*What is being asked*
Transcribe, exactly and without pictures, the lines below from the line with "It also shows" to the line with "Today I'll be", both ends included, and no others.

*Input data*

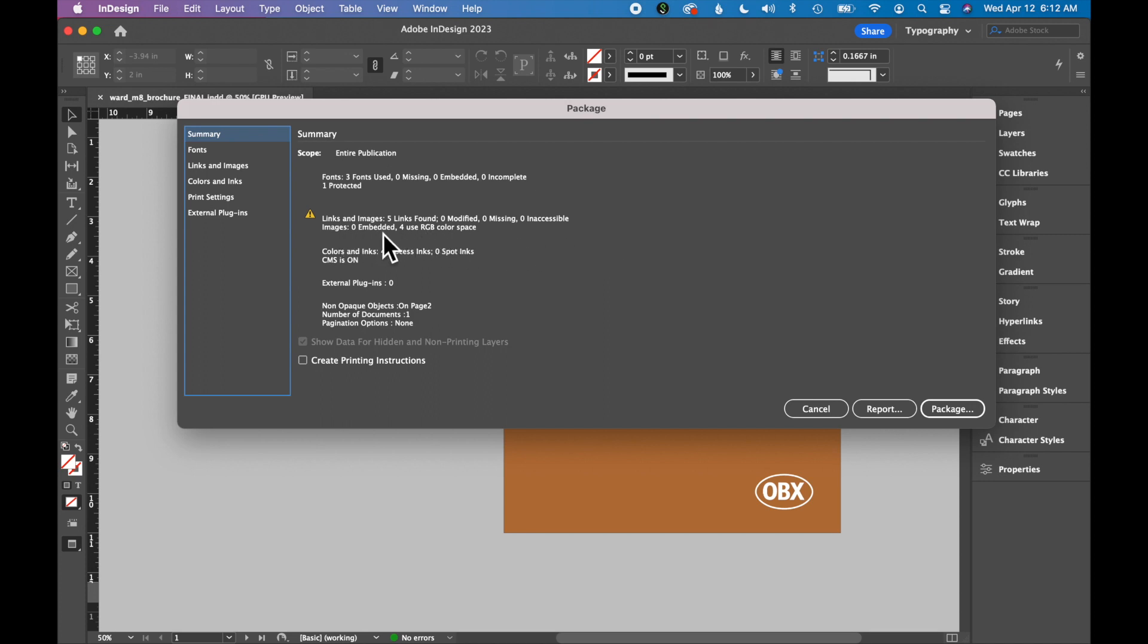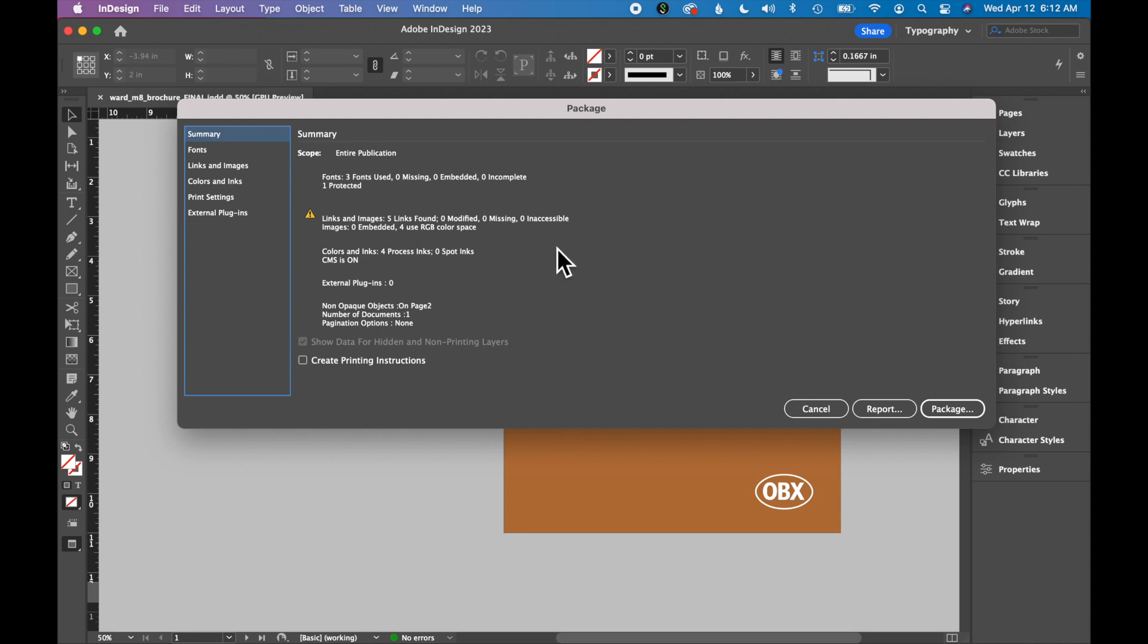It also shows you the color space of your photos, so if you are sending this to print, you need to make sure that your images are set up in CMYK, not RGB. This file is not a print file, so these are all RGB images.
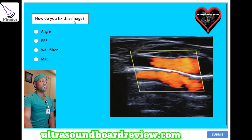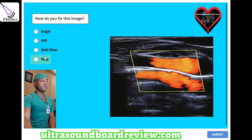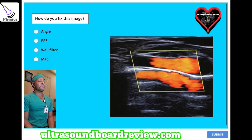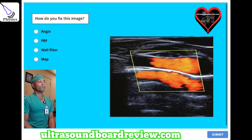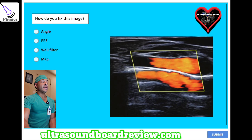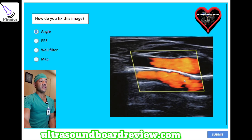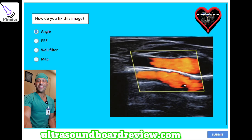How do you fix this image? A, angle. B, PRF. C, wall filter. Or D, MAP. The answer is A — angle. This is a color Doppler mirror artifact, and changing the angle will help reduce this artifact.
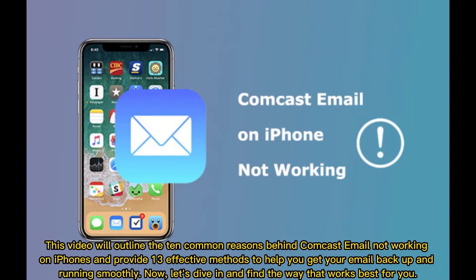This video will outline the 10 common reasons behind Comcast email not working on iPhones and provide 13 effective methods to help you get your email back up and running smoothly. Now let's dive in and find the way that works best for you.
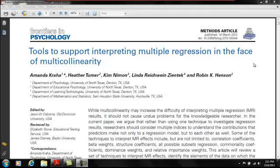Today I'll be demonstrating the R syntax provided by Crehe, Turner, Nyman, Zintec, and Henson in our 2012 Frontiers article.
==
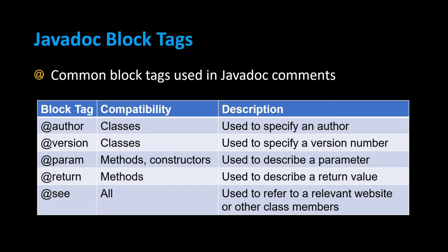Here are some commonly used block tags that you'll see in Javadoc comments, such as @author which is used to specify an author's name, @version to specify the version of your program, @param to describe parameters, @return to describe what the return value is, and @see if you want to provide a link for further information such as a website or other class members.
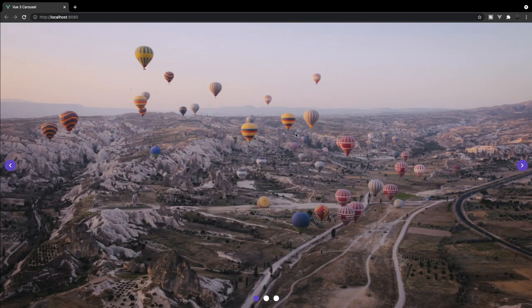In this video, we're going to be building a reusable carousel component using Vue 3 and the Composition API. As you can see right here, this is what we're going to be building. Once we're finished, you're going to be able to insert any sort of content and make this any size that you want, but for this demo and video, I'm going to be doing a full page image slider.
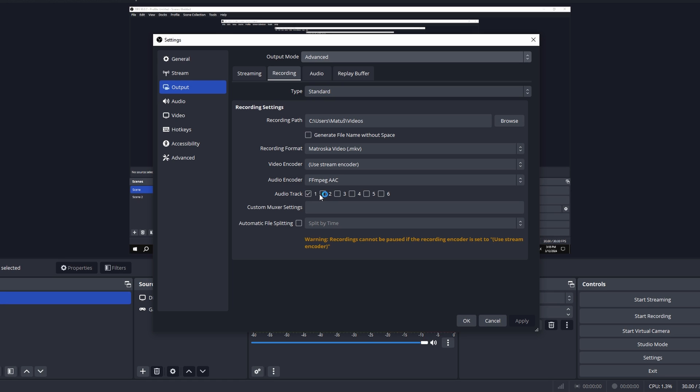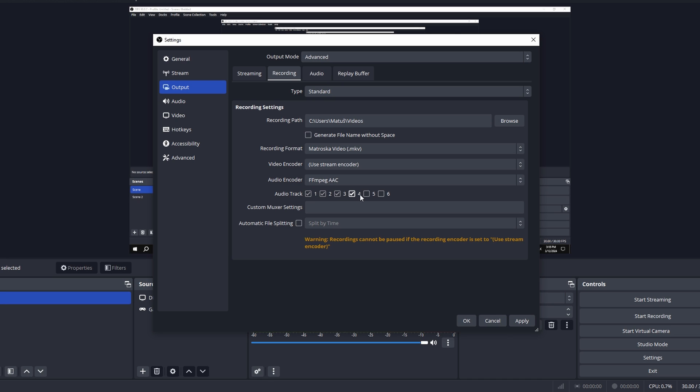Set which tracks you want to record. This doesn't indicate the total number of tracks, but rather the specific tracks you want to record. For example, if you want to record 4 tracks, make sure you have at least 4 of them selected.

*Response for this exercise*
It also shows you the color space of your photos, so if you are sending this to print, you need to make sure that your images are set up in CMYK, not RGB. This file is not a print file, so these are all RGB images.
How do you fix this image? A, angle. B, PRF. C, wall filter. Or D, MAP. The answer is A — angle. This is a color Doppler mirror artifact, and changing the angle will help reduce this artifact.
This video will outline the 10 common reasons behind Comcast email not working on iPhones and provide 13 effective methods to help you get your email back up and running smoothly. Now let's dive in and find the way that works best for you.
Today I'll be demonstrating the R syntax provided by Crehe, Turner, Nyman, Zintec, and Henson in our 2012 Frontiers article.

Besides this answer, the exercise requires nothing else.